It’s Not Academic, It’s Real Life

The Patriot Act, the Military Commissions Act and the National Defense Appropriations Act are not just hypothetical exercises. Our rights as citizens are being undermined and the Constitution is being shredded. Democracy is being dismantled in our lives. The following letter is written by one of the NDAA’s current target. You’re next!

Dear friends and family,

I am reassured to know that you have my back, and that you have done everything to prevent the US Government from threatening to detain me indefinitely without charge for my work as a journalist .

I am not one for cultivating an exaggerated sense of self-importance. I think it takes more character and courage to live in reality. Anybody who knows me personally, knows that if this can happen to me, it can and will happen to you or someone you know.

Since January 2011, I have covered the WikiLeaks release of US State Department Cables, JTF memoranda known as the ‘GTMO files’, and revolutions across Egypt, Bahrain, Iran, and Yemen, as well as the legal proceedings against Bradley Manning and the US investigation into WikiLeaks. I have interviewed a preeminent US foreign policy expert on the Cambodia cables, and published hours of interviews with former GTMO guards, detainees, defense lawyers, and human rights activists, as well as WikiLeaks media partners: Andy Worthington, a GTMO historian and author, and Atanas Tchobanov, the Balkanleaks’ spokesman and co-editor of Bivol.bg.

Why do I do this work? Because it moves me deeply. Because I am compelled to learn and to understand. The positive results of some of my work also grants me a sense of common purpose in service to my fellow man/woman.

When the US Government said in Federal Court that they would not guarantee  that I would not be indefinitely detained without charge under Section 1021 of the National Defense Authorization Act FY2011 for articles I had written on the ‘War on Terror’, you set aside partisanship. You realized that what is as stake is more than an election. What was at stake is the safety of your friend, your daughter, a fellow citizen or journalist, as well as this nation and people across the globe. The NDAA, after all, was  passed with bipartisan support, and signed into law by President Obama.

Section 1021 of the NDAA FY2011 allows for the indefinite detention without charges or trial of anyone, including American citizens, who are deemed by the US Government to be terrorists or terrorist sympathizers. The institutions of civil society – the press and civic square – are now what our military terms an information environment in a global theater of war. The ‘War on Terror’, our military says, is fought with intelligence and information. And, the US Government has already detained journalists at Guantanamo Bay under the AUMF seeking to gain intelligence on media organizations. The President has already played a personal role in the imprisonment of a journalist covering the US ‘War on Terror’ in Yemen.

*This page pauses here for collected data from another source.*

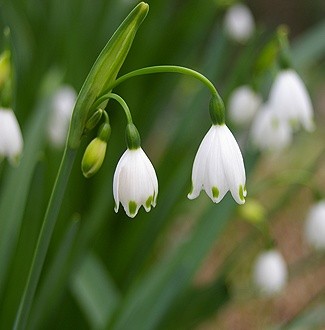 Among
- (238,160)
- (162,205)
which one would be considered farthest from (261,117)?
(238,160)

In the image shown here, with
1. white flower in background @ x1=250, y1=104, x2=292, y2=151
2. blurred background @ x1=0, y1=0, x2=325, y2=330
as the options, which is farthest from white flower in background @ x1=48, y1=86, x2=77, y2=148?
white flower in background @ x1=250, y1=104, x2=292, y2=151

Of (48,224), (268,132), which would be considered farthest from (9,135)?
(268,132)

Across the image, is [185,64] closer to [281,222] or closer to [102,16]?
[102,16]

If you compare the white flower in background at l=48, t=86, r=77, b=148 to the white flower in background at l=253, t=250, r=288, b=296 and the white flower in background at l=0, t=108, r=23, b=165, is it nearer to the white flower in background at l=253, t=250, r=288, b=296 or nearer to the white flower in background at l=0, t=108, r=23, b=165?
the white flower in background at l=253, t=250, r=288, b=296

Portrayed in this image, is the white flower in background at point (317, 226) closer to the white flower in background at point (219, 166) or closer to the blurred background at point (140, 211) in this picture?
the blurred background at point (140, 211)

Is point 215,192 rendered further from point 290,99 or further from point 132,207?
point 290,99

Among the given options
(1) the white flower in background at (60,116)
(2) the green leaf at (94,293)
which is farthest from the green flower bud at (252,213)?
(1) the white flower in background at (60,116) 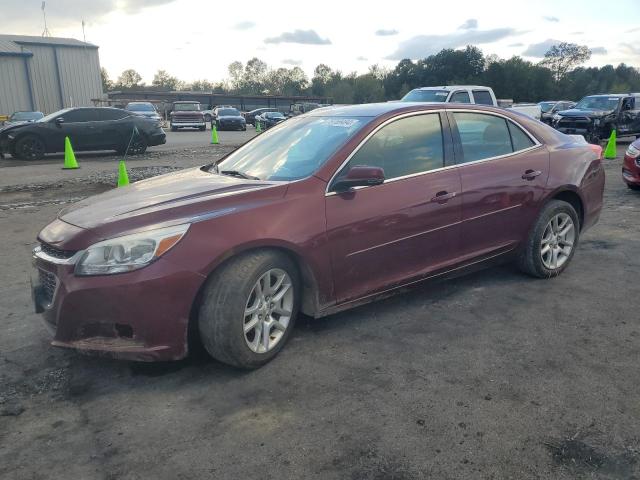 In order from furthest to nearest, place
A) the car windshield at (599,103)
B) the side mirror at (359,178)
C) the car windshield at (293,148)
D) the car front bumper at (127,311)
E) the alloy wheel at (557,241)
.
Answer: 1. the car windshield at (599,103)
2. the alloy wheel at (557,241)
3. the car windshield at (293,148)
4. the side mirror at (359,178)
5. the car front bumper at (127,311)

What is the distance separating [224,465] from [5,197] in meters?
8.82

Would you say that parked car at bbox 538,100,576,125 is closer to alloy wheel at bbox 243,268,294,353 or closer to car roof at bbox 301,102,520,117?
car roof at bbox 301,102,520,117

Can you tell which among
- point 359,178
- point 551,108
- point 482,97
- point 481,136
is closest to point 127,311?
point 359,178

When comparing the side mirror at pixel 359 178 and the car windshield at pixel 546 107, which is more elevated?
the car windshield at pixel 546 107

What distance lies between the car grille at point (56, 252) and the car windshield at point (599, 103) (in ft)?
64.2

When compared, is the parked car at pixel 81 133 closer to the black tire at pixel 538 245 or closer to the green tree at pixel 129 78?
the black tire at pixel 538 245

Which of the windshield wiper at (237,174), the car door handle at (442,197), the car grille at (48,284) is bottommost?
the car grille at (48,284)

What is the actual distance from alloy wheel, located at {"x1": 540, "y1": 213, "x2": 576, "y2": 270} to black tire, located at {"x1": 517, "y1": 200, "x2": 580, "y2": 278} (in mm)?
44

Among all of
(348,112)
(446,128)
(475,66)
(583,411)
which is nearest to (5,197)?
(348,112)

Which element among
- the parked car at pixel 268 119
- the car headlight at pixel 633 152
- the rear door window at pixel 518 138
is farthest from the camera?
the parked car at pixel 268 119

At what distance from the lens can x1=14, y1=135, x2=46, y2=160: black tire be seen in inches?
574

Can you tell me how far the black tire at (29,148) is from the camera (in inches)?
574

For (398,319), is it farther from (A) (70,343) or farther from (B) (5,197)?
(B) (5,197)

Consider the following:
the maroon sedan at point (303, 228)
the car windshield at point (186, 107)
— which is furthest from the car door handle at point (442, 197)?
the car windshield at point (186, 107) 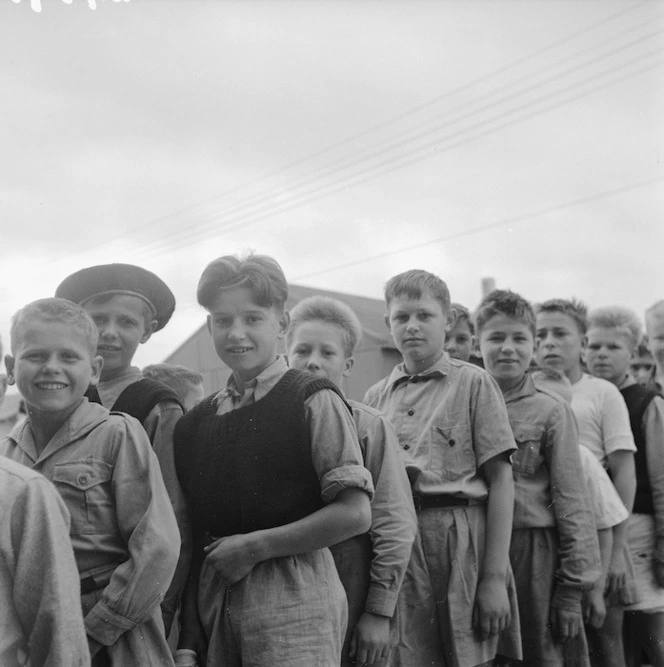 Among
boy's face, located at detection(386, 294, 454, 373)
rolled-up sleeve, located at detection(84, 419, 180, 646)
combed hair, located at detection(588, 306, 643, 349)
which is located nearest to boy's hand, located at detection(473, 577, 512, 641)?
boy's face, located at detection(386, 294, 454, 373)

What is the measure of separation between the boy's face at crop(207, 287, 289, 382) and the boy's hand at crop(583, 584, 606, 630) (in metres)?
1.73

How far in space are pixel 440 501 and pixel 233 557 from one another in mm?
970

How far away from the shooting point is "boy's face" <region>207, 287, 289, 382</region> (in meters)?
2.19

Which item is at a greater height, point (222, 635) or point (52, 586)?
point (52, 586)

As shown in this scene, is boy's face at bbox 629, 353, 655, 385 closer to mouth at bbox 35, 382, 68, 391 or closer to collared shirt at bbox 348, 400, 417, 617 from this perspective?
collared shirt at bbox 348, 400, 417, 617

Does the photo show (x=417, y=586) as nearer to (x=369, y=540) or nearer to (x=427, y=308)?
(x=369, y=540)

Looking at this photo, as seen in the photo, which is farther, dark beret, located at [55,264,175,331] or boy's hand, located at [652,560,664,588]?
boy's hand, located at [652,560,664,588]

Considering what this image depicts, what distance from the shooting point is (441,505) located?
2.76 meters

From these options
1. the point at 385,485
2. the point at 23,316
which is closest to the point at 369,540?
the point at 385,485

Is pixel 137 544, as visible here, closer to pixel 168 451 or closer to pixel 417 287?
pixel 168 451

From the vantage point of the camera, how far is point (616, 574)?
11.3 ft

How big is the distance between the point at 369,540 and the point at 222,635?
607mm

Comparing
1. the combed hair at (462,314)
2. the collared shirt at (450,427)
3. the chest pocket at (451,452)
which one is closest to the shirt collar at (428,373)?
the collared shirt at (450,427)

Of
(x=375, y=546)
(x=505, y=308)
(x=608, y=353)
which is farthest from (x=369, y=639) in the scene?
(x=608, y=353) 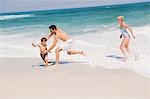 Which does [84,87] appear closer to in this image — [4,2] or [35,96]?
[35,96]

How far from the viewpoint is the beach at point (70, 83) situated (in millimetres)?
6340

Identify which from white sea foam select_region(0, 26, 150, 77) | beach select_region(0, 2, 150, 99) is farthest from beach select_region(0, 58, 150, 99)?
white sea foam select_region(0, 26, 150, 77)

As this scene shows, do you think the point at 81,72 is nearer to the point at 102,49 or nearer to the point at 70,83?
the point at 70,83

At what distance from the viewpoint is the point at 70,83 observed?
6906 mm

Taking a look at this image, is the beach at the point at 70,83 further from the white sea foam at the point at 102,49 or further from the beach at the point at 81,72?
the white sea foam at the point at 102,49

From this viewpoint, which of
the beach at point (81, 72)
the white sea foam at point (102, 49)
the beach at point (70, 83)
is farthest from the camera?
the white sea foam at point (102, 49)

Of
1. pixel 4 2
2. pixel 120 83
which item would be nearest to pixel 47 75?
pixel 120 83

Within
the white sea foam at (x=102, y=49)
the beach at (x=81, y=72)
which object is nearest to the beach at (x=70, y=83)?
the beach at (x=81, y=72)

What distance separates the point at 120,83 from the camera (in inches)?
267

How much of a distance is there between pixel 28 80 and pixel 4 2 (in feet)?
21.1

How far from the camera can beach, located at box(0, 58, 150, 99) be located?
20.8 ft

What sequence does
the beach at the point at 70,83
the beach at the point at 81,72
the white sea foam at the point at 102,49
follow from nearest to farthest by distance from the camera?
the beach at the point at 70,83 → the beach at the point at 81,72 → the white sea foam at the point at 102,49

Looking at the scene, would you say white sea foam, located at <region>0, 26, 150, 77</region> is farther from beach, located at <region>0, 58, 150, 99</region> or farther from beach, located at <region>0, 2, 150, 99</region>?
beach, located at <region>0, 58, 150, 99</region>

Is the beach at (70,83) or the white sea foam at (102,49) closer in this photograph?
the beach at (70,83) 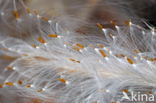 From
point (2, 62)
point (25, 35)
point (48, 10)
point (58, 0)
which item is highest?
point (58, 0)

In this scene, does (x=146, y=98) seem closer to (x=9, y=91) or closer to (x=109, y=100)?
(x=109, y=100)

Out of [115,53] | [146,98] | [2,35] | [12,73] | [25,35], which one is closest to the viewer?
[146,98]

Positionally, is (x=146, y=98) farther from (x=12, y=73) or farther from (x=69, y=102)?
(x=12, y=73)

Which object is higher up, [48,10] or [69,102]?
[48,10]

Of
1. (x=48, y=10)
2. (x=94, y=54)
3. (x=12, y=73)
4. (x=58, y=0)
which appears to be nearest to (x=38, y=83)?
(x=12, y=73)

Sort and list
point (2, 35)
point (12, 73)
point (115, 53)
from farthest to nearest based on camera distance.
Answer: point (2, 35) → point (12, 73) → point (115, 53)

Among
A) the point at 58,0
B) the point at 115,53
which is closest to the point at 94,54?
the point at 115,53

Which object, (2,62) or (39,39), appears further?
(2,62) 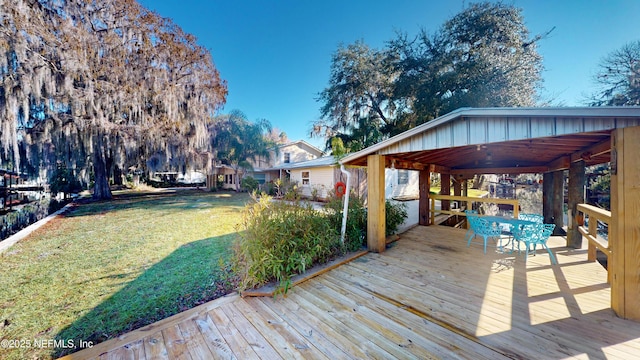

When Government contractors falsely linked a group, which I helped found – whose only purpose is to support campaign finance reform in the United States - to Al Qaeda, you were outrafed.

When I was sent messages by a Government contractor saying that I was now associated with Al Qaeda and so called ‘cyber-terrorists’,  you spoke out.

When emails revealed that other private security contractors with ties to the US Government were “specifically asked to connect” the group that I helped found “to any Saudi or other fundamentalist Islamic movements,”  you took action.

When the Department of Homeland Security declared in error that a group that I helped found was linked to so called ‘cyber-terrorists’, you contacted your representatives and expressed that their support of the NDAA 2011 had the consequence of your lack of support for their candidacy.

I am especially grateful to those individuals, including a fellow journalist, who warned me privately that there were other unpublished US Government documents and that US Government agents were focusing their sights on me. They cautioned me to take special care. They understood the consequences for me.

Citizenship is a public office, but who among us can risk engaging in the body politic authentically, when we have families to provide for? Who can risk publishing about the workings of Government, our alliances, and wars when you might end up in my position?

No matter what your party affiliation, Section 1021 of the NDAA FY 2011 violates the First and Fifth Amendments to the US constitution, the principles that safeguard the independence of our republic and any real freedom or lasting security for our citizens and all peoples.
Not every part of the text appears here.